| Supplied material |

Start of Block

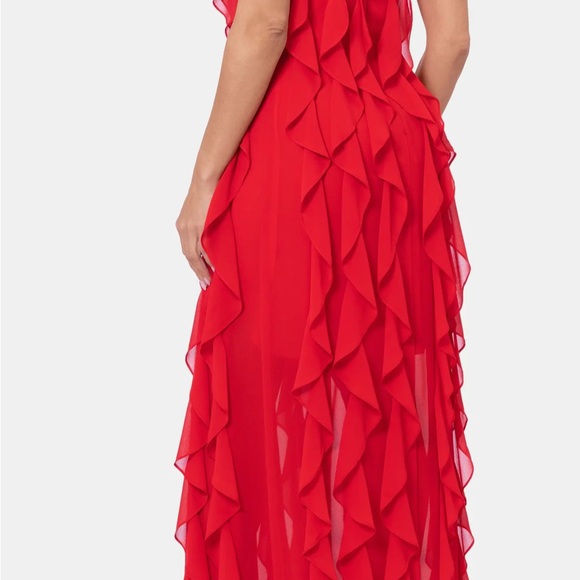 XSCAPE Women’s Corkscrew Ruffle Chiffon Gown Size 16 - Picture 4 of 6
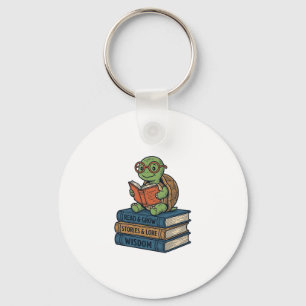 Porte-clés Tortue mignonne lisant sur des livres Vintage Vect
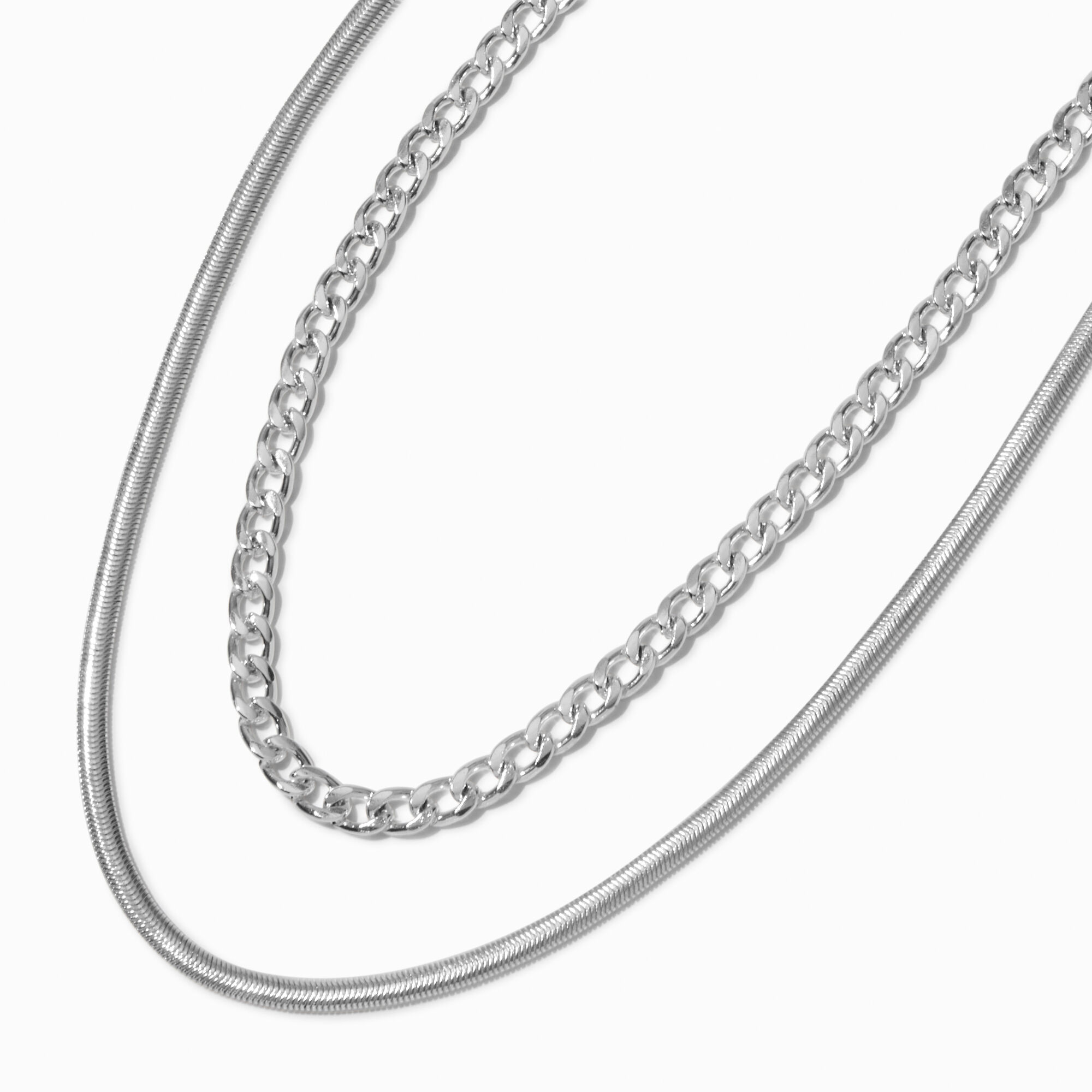 View Claires Tone Snake Cable Chain Multi Strand Necklace Silver information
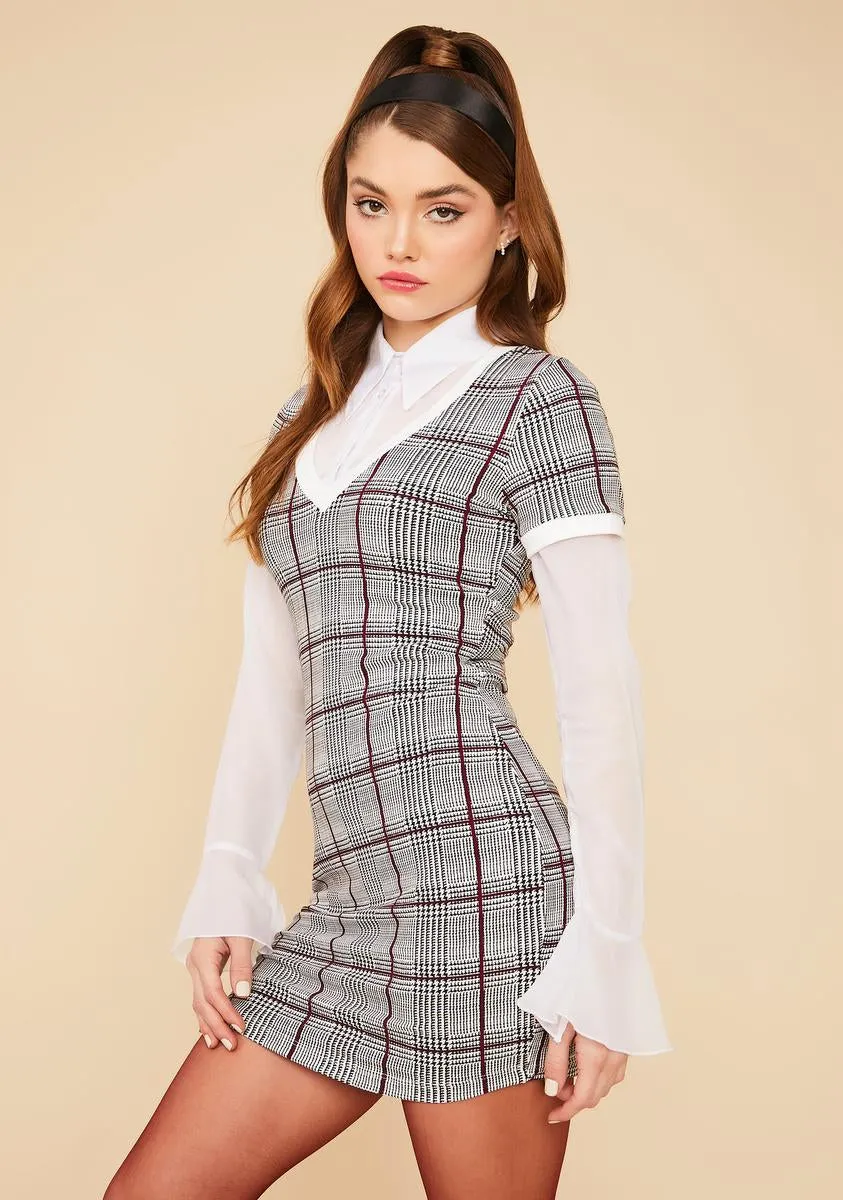 Elegant Etiquette Plaid Bodycon Dress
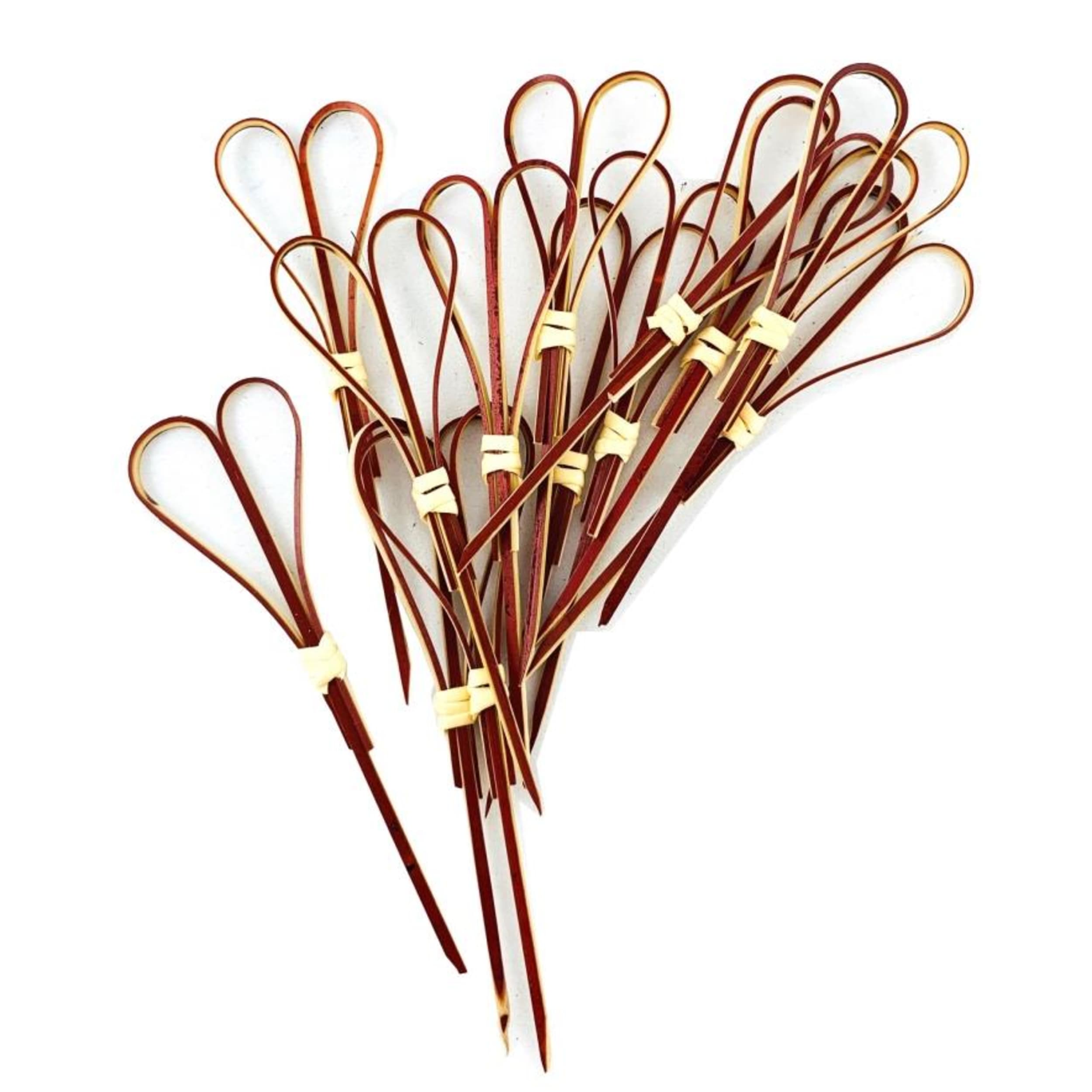 Eco Collection Bamboo Heart Pick Skewers 10cm Red (100 Pack)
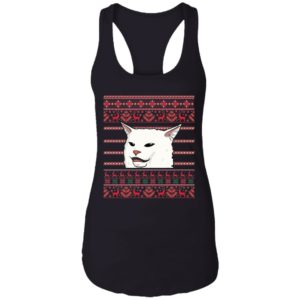 Cat Woman Yelling At Cat Ugly Christmas Shirt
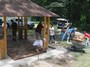With plenty of help, laying the pavers went faster than expected.
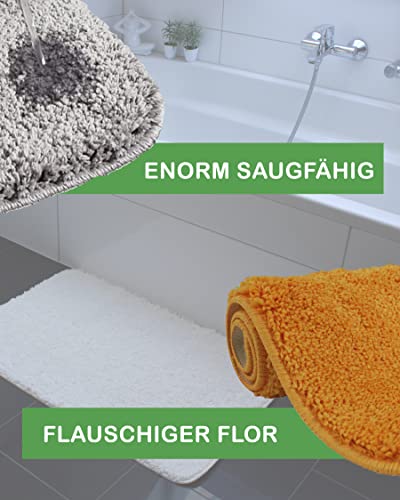 DILUMA | Badematten Set 2 Teilig Badematte 50x80 und WC Vorleger 45x50 cm Grau | Badteppich Set | Flauschiger Hochflor, Weich, rutschfest, Saugstark – Bild 6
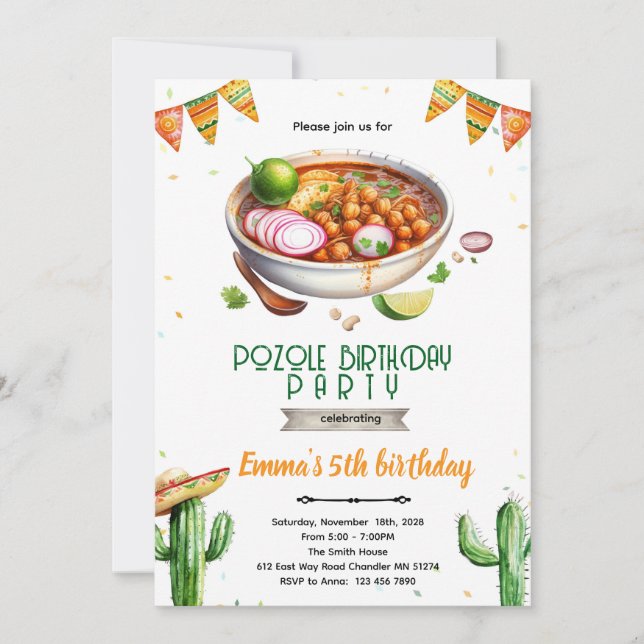 Pozole Birthday party Invitation (Front)
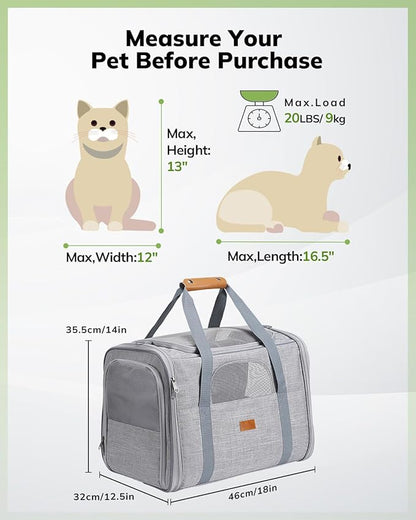 Morpilot Pet Travel Carrier Bag, Soft-Sided Dog Carrier Cat Carrier Pet Carrier, for Large Cats and Medium Puppies up to 25lbs, w/Locking Safety Zippers, Foldable Bowl (Light Gray)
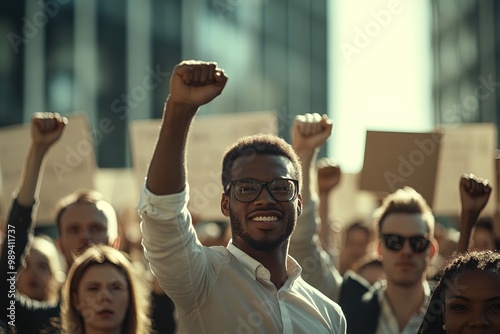 Group of Diverse Protesters Raising Fists in Solidarity During Peaceful Demonstration in a City, Advocating for Social Justice and Equality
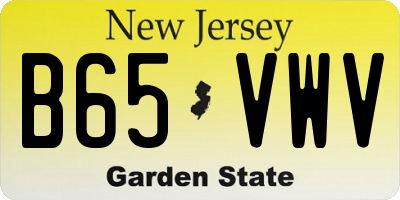 NJ license plate B65VWV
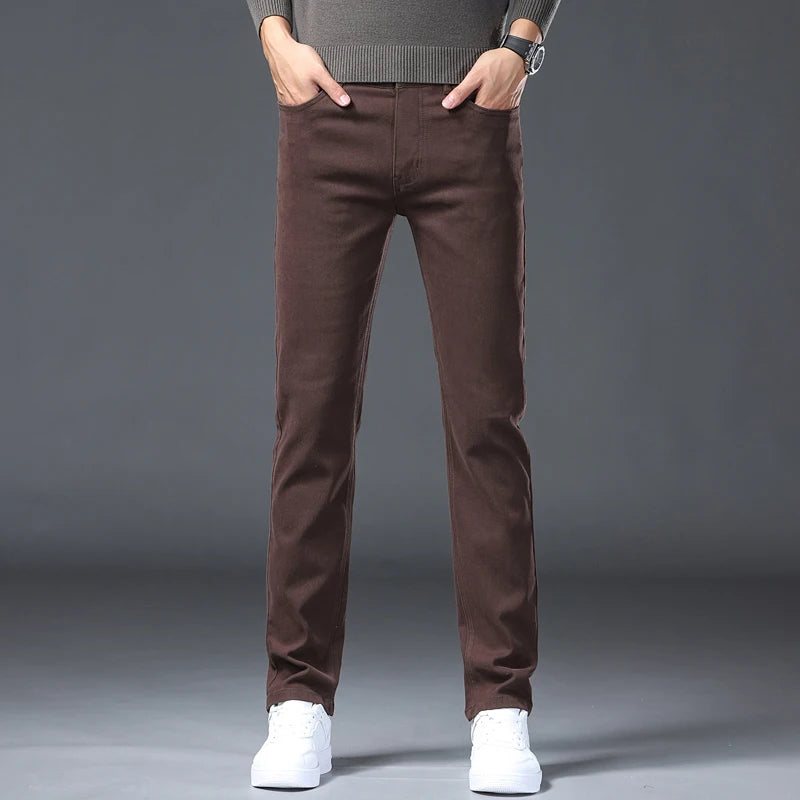 2026 98 % Baumwolle Elastische Baumwolljeans Herren Frühling Slim Straight Denim Hose Komfort Große Größe Koreanische Business Casual Hose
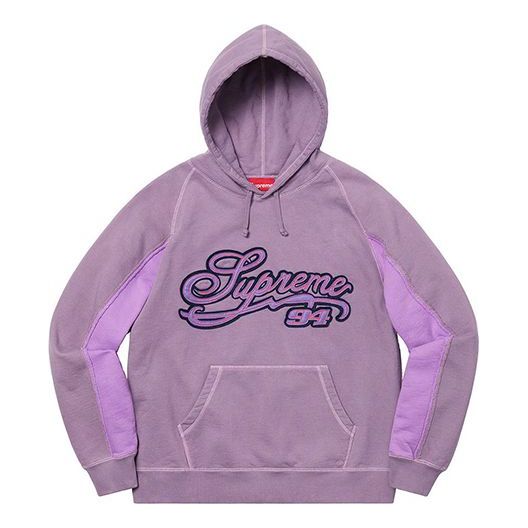 Supreme Paneled Script Hooded Sweatshirt 'Purple' SUP-SS21-704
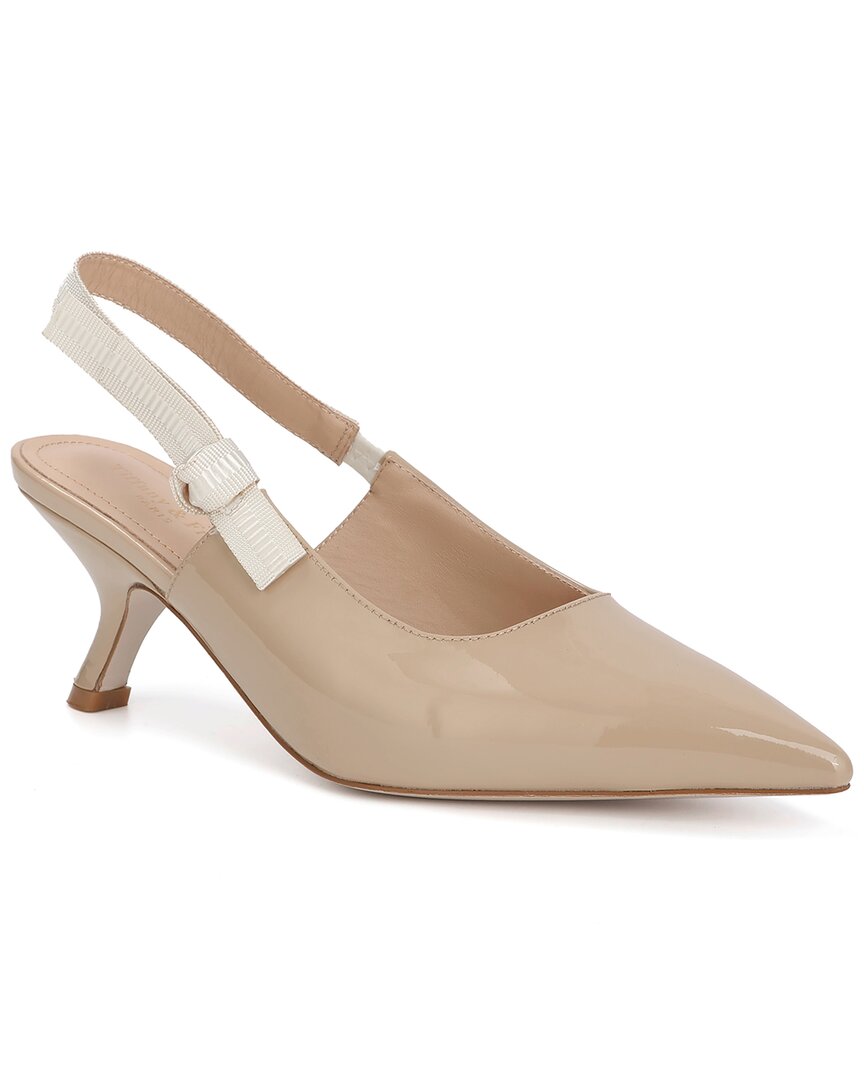 Tiffany & Fred Paris Patent Slingback Kitten Heel Pump Beige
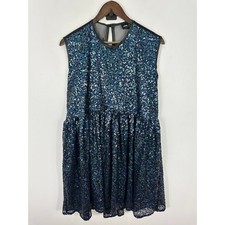 Asos Sequin Dress Womens 6 Black Mesh Sleeveless Showgirl Glam Y2K Indie Sparkly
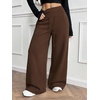 image:imageRoseSeek Womens Drawstring Elastic Waist Sweatpants Wide Leg Athletic PantsBrown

End of Block

| What you need to do |
Start at the line above containing "DILUMA | Badematten" and stop at the line containing "Pozole Birthday party Invitation (Front)": print those lines and everything between them exactly, but not the pictures.

| Written response |
 DILUMA | Badematten Set 2 Teilig Badematte 50x80 und WC Vorleger 45x50 cm Grau | Badteppich Set | Flauschiger Hochflor, Weich, rutschfest, Saugstark – Bild 6
 Pozole Birthday party Invitation (Front)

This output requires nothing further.